> [Problem to work on] Here the job is to transcribe the data exactly while omitting the images.

> [Data extract]
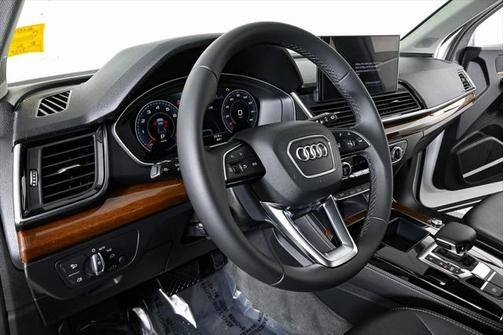 2022 Audi Q5 45 S line Premium Plus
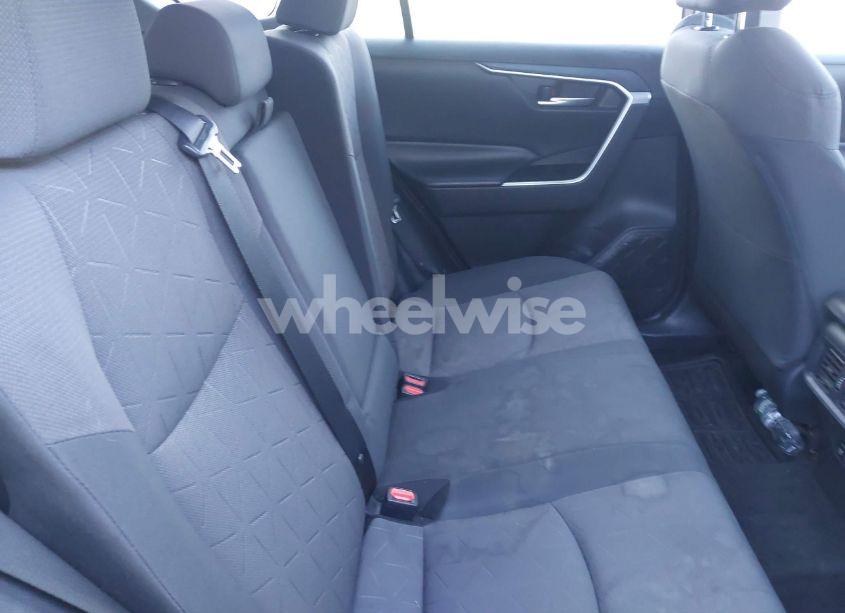 Photo 8 of 2019 Toyota Rav4 HYBRID XLE (VIN 2T3RWRFV5KW014021)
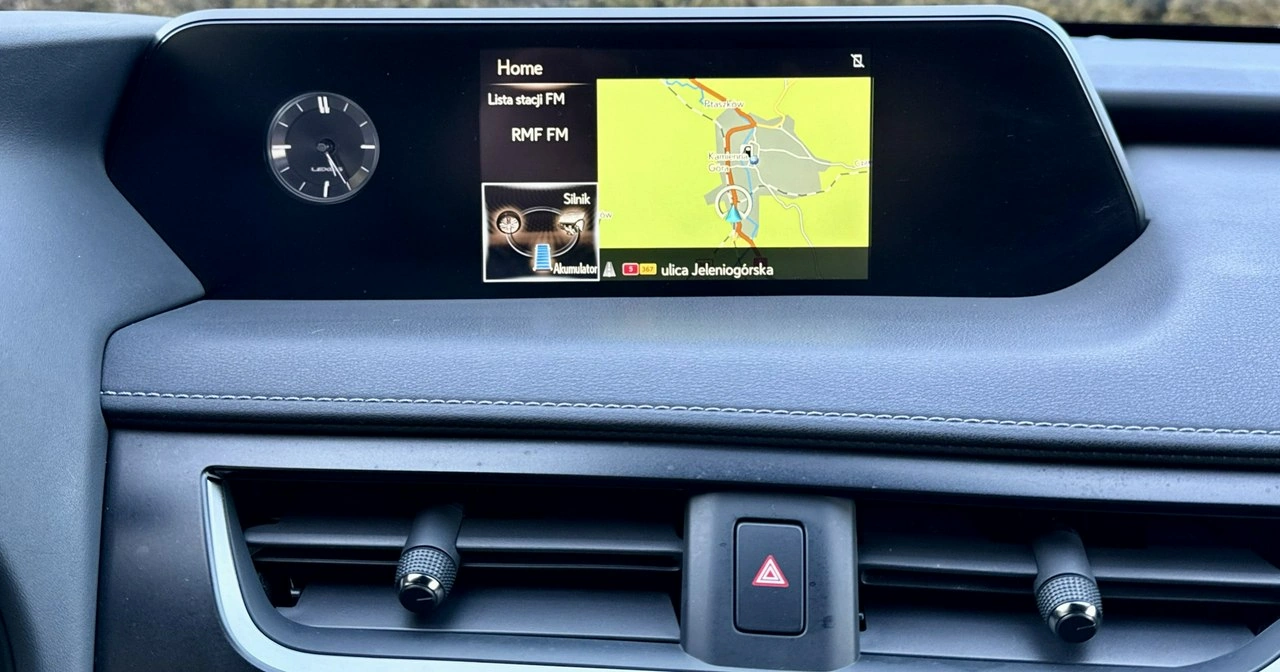 Lexus UX - Zdjęcie 22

> [Solution]
 2022 Audi Q5 45 S line Premium Plus
 Photo 8 of 2019 Toyota Rav4 HYBRID XLE (VIN 2T3RWRFV5KW014021)
 Lexus UX - Zdjęcie 22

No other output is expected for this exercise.